The disclosure relates to a method for the dispensing of a hot beverage and a device for implementing the method

2. Discussion of the Background Art

A number of different parameters are taken into consideration in the brewing of hot beverages in modern beverage vending machines. In the preparation of coffee, for example, the degrees of roasting and grinding of the coffee beans, the ratio of coffee powder to hot water, or the duration of the brewing process are taken into account for this purpose. Also, parameters such as the temperature of the hot water, the pressure inside the brewing chamber, or the type of filter are selected in a targeted manner, based on their effects on the taste of a finished coffee drink.

In this case, the concentration of the coffee solution is decisive for the taste of a coffee drink. The latter corresponds to the amount of dissolved coffee in relation to the hot wafer and determines the strength of a coffee. The concentration of a coffee depends on how much coffee powder is used for the brewing process and what proportion of the coffee powder is dissolved in the hot water. The proportion by weight of the coffee powder, which is used for the brewing process and which is dissolved in water, is designated in this connection as extraction and increases with increasing duration of the brewing process. With increasing duration of the brewing process, however, increasingly more undesired bitter substances are also leached out of the coffee powder and transferred to the liquid. In order to increase the concentration of a coffee drink, accordingly, on the one hand, the quantity of coffee powder being brewed, and, on the other hand, the duration of the brewing process can be increased. In order to avoid an increased quantity of bitter substances in the finished coffee drink due to a long brewing time, the quantity of coffee powder is usually increased instead of the brewing time, so as to obtain the desired concentration. The optimal concentration for black coffee, for example, lies between 1.30 wt.% and 1.55 wt.%, and the optimal extraction lies between 18 wt.% and 22 wt.%, in each case referred to the total weight of the finished hot beverage.

The previous statements apply in principle both to espresso as well as to corresponding application also for tea, which is brewed in a hot beverage vending machine.

Known from EP 1 005821 B1 is a brewing device, which comprises a brewing unit with a brewing chamber for the preparation of coffee or tea. Optimal values for the concentration or extraction cannot be obtained with such a brewing unit, however, since a sedimentation of the brewing material takes place inside the brewing chamber during the brewing process. As a consequence of this sedimentation, the brewing material only comes into contact with a small portion of the hot water that is introduced. In this case, a high extraction results in this comparatively small contact volume, which leads to the circumstance that the passage of the aromas from the brewing material into the hot water is adversely influenced by the small concentration gradient between the particles of the brewing material and the hot water surrounding them. The document provides no indication of how to improve the extraction of the aromatic substances from the brewing material into the hot water.
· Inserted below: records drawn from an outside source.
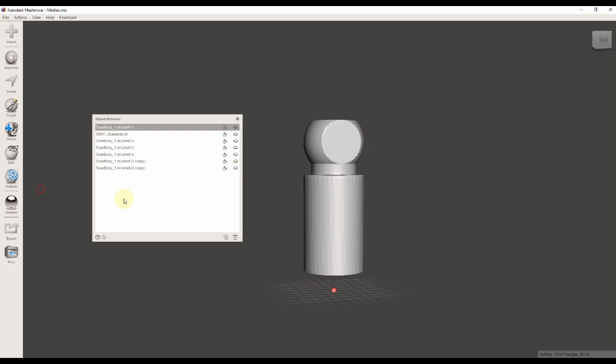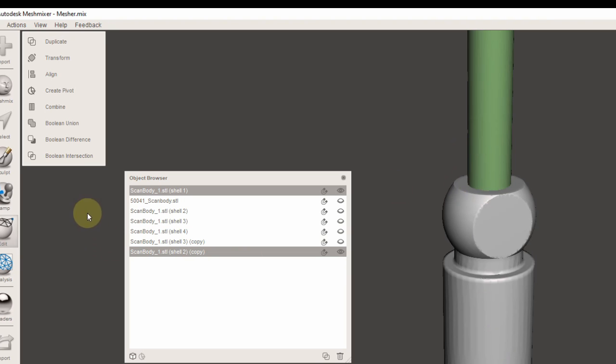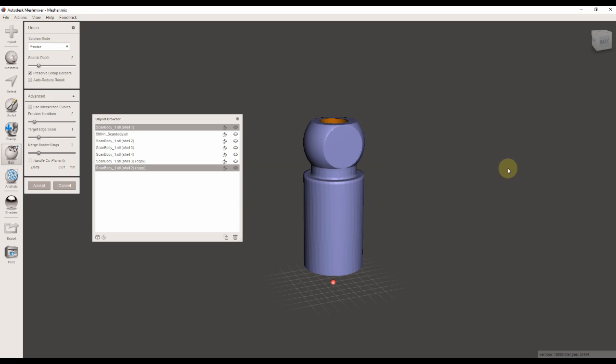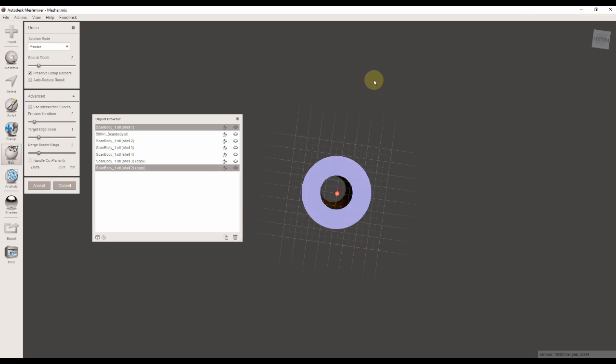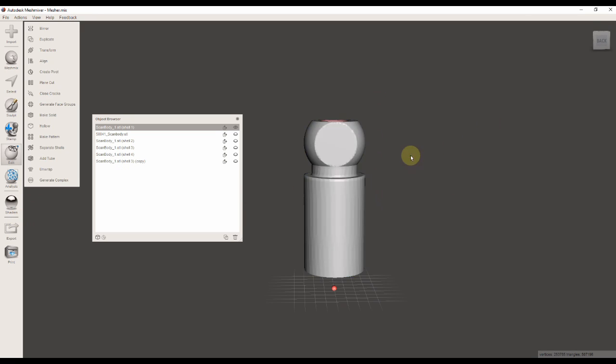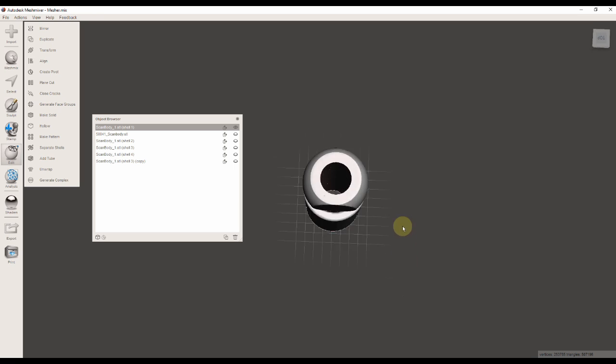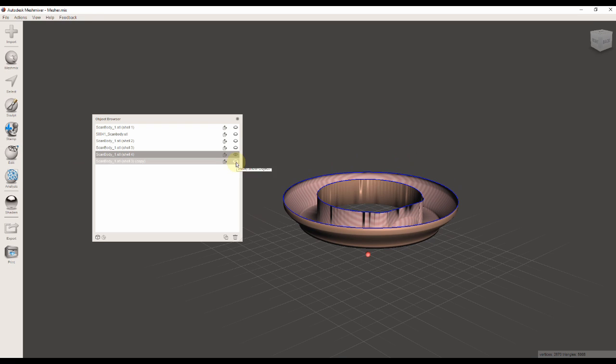Now we're going to select the STL and the screw channel and select Boolean Difference from the menu. We're going to cut a perfectly straight hole and accept the modification.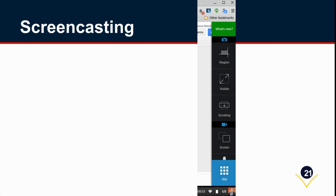Screencasting works similarly. To launch a screencast it's very simple, and this is what you didn't see me do right before starting this screencast.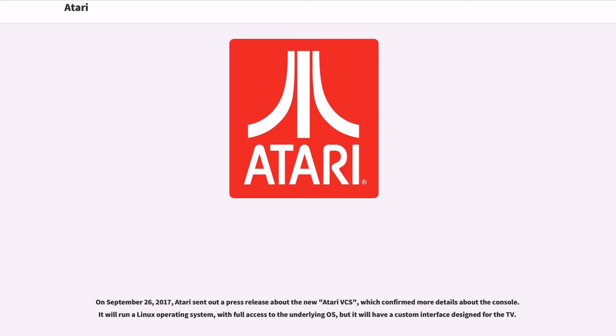On September 26, 2017, Atari sent out a press release about the new Atari VCS, which confirmed more details about the console. It will run a Linux operating system with full access to the underlying OS, but it will have a custom interface designed for the TV.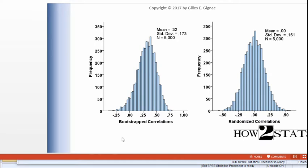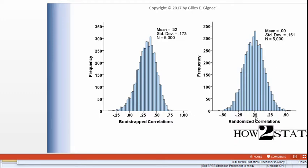The randomization distribution is different but similar. The mean of the 5000 randomized correlations is exactly zero — as expected, since there is no reason to expect a correlation when literally scrambling the order of one variable. The standard deviation is 0.161, which is the standard error of the correlation from randomization. This is comparable to the bootstrap standard error of 0.173 — in the same ballpark but not identical. The correlations are normally distributed around the mean of zero.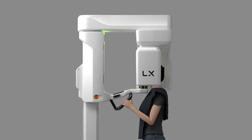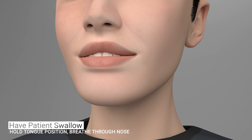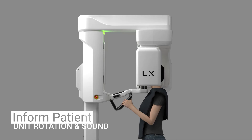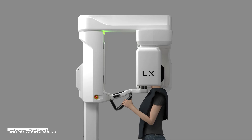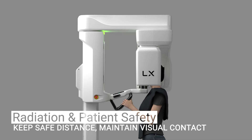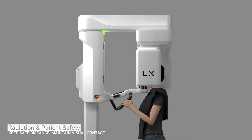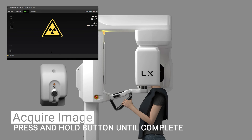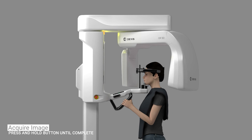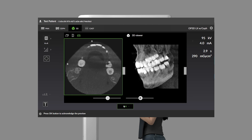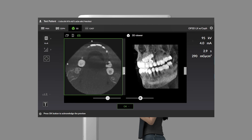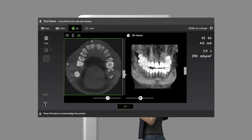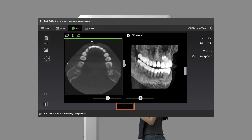Ask the patient to swallow, hold their tongue position, breathe through their nose, and remain still for the duration of the exposure. Inform the patient the unit will rotate around their head and an audible sound will occur. Protect yourself from radiation in accordance with local safety guidelines and regulations while maintaining visual contact with the patient during exposure. Press and hold down the exposure button until the process completes. A preview image appears on the GUI for review. Use the sliders to preview the 3D slices, change the projection views, and adjust the brightness and contrast. Select the OK button to complete the image acquisition.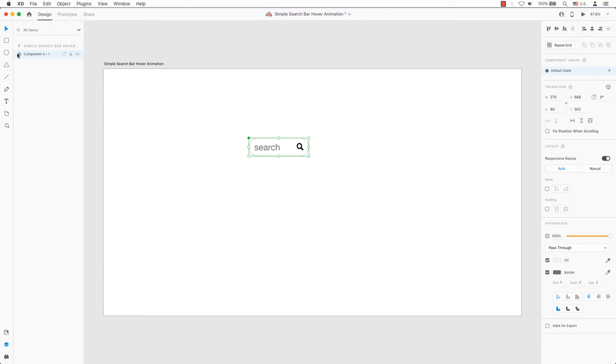Since this is a component, the folder icon is now a diamond. Double click on the component's name to rename this component.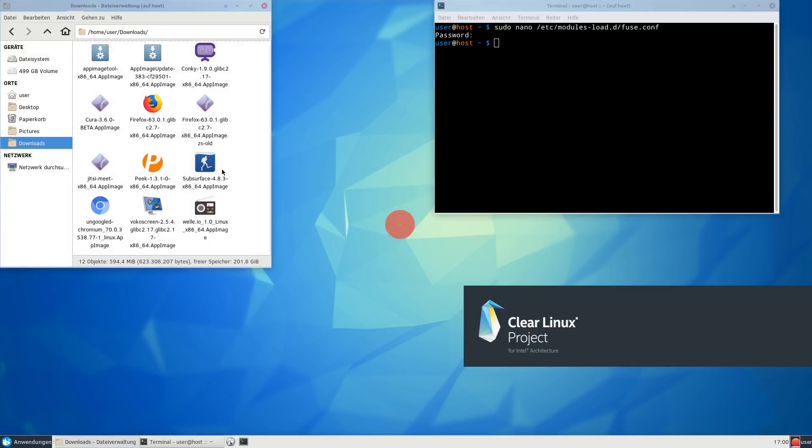In my opinion, AppImage and Clear Linux OS really are complementary and they fit together very well. So I really encourage you to try it out for yourself.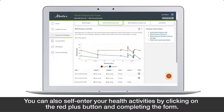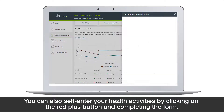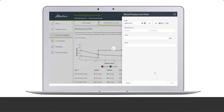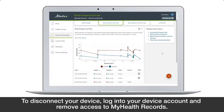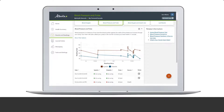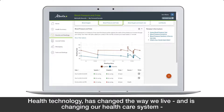You can also self-enter your health activities by clicking on the red plus button and completing the form. To disconnect your device, log into your device account and remove access to My Health Records.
Accordingly, the object of the present disclosure is to create a method for the preparation of a hot beverage, in particular of coffee or tea, with which the extraction of the flavors contained in the brewing material into the hot water can be improved during the brewing process.

Another object of the disclosure is to create a device for implementing the method according to the disclosure.

SUMMARY

According to the disclosure, a device for implementing the method according to the disclosure, which is designated also in the following as a beverage vending machine, comprises a hot water generating system for the generation of hot water and a brewing chamber, as is described in detail, e.g., in the above-mentioned EP 1 005 821 B1. For brewing the hot beverage, the brewing chamber is filled with the brewing material, i.e. , coffee powder or espresso powder or tea, and, after this, it is loaded with hot water via a hot water inlet. After the brewing process, the hot beverage is delivered from the brewing chamber into a vessel via a hot beverage outlet and a drain line connected therewith. The method is characterized in that the hot beverage outlet is loaded with compressed gas from a compressed gas source during a brewing process according to the disclosure.

As the Applicant has found, the suspension of hot water and brewing material is intermixed due to the compressed gas introduced into the brewing chamber and is homogenized continually thereby during the brewing process. A sedimentation of the brewing material on the bottom of the brewing chamber is effectively prevented thereby, and the brewing material comes into contact with a larger quantity of hot water in an advantageous way over the entire duration of the brewing process. The contact volume increased thereby leads to an enhanced extraction of aromatic substances with the quantity of brewing material remaining the same and with the same brewing time. Consequently, by the method according to the disclosure, the quantity of required brewing material can be reduced in an advantageous way, in order to obtain the same concentration of all dissolved aromatic substances in the finished hot beverage without increasing the brewing time and thereby also increasing the quantity of bitter substances released in a disadvantageous way. Furthermore, due to the compressed gas, which flows through the hot beverage outlet into the brewing chamber, a dogging of the brewing filter found on the side of the brewing chamber in front of the hot beverage outlet is prevented, and in this way the filter can be regenerated.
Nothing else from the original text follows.